Material shown:
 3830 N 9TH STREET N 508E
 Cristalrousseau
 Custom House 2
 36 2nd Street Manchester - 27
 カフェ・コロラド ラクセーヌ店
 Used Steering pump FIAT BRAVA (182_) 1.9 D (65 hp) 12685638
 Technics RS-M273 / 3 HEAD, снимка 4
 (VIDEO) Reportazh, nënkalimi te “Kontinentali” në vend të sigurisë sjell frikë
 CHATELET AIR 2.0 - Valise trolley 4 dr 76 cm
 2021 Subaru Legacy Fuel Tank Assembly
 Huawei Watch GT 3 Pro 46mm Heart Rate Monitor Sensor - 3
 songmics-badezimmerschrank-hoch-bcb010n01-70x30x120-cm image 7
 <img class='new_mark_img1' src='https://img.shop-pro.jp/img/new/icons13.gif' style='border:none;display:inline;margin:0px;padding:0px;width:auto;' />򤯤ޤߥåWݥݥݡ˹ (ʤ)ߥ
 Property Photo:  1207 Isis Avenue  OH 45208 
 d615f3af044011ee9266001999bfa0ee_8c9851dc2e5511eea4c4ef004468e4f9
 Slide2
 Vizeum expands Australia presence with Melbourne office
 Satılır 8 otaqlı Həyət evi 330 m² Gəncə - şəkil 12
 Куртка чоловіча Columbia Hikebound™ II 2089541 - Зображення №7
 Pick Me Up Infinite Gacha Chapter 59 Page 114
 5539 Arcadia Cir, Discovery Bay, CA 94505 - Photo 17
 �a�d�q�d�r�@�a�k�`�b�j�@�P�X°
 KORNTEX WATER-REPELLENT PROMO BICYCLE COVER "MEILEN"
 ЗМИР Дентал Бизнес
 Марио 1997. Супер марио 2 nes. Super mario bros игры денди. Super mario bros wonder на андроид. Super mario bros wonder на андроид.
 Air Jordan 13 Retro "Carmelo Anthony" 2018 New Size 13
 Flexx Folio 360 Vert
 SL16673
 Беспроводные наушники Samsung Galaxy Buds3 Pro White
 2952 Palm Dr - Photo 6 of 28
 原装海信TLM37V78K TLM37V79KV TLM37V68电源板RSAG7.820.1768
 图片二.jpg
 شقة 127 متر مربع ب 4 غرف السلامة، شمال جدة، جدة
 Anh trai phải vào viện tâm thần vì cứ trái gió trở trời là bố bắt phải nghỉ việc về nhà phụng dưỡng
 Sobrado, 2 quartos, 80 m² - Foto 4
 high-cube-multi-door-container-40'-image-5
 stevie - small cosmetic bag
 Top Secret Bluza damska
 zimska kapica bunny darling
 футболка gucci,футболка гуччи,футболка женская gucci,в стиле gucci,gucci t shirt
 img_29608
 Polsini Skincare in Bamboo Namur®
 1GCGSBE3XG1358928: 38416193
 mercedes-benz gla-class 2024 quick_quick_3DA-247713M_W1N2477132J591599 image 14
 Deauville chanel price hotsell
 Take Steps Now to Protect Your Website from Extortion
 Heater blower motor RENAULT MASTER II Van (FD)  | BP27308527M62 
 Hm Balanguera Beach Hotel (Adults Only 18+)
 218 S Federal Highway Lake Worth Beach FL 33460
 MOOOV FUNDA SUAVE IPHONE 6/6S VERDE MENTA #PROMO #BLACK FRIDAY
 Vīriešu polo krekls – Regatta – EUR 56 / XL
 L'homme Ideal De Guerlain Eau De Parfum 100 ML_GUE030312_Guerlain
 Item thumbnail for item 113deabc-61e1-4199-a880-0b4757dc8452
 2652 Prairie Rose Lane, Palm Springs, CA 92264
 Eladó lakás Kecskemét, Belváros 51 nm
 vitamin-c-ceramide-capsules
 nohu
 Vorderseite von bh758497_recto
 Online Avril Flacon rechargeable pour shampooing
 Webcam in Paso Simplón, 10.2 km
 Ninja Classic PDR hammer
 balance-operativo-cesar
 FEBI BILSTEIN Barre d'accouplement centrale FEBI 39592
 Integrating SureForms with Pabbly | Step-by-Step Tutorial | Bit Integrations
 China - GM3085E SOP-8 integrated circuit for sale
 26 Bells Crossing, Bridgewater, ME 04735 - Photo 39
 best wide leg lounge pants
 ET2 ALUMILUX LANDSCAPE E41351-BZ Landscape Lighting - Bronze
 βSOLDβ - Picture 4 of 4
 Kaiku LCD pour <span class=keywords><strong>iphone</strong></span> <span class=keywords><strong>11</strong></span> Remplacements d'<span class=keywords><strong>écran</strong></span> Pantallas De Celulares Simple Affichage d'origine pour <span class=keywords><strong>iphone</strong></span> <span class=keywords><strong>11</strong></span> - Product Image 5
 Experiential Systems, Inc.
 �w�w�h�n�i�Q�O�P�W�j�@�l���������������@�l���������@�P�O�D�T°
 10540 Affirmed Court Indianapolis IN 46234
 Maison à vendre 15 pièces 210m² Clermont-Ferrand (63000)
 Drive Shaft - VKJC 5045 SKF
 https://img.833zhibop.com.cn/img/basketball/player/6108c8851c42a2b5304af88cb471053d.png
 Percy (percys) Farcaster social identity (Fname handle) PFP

Task requirements:
Copy out each line from the preceding entries that mentions the word "Beach".

Response area:
 Hm Balanguera Beach Hotel (Adults Only 18+)
 218 S Federal Highway Lake Worth Beach FL 33460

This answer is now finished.